→ ABOUT THIS TASK
Where the material below has a line containing "Mercedes-Benz ML 63", start repeating exactly, and keep going through the line containing "איה אפימיה Villa Irida מראה חיצוני תמונה", with no other lines.

→ RECORDS FOR THIS EXERCISE
Segment Open

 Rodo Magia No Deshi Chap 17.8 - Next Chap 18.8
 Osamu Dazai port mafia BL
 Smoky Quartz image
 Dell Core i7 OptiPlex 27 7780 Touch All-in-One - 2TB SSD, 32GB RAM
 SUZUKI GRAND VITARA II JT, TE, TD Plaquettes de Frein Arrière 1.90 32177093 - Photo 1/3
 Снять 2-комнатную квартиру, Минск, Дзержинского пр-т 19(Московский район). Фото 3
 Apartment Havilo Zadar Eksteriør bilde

Segment Closed
Segment Open

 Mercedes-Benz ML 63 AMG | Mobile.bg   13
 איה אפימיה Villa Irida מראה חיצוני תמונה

Segment Closed
Segment Open

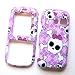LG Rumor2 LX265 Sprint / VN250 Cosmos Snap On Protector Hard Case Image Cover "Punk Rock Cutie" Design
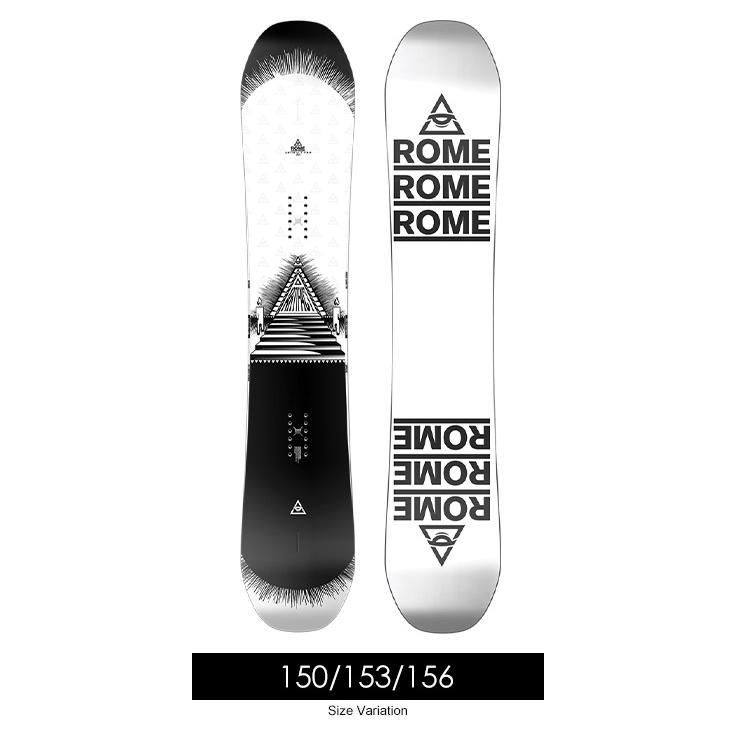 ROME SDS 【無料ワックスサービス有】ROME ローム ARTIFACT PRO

Segment Closed

→ SOLUTION TO THIS PROBLEM
 Mercedes-Benz ML 63 AMG | Mobile.bg   13
 איה אפימיה Villa Irida מראה חיצוני תמונה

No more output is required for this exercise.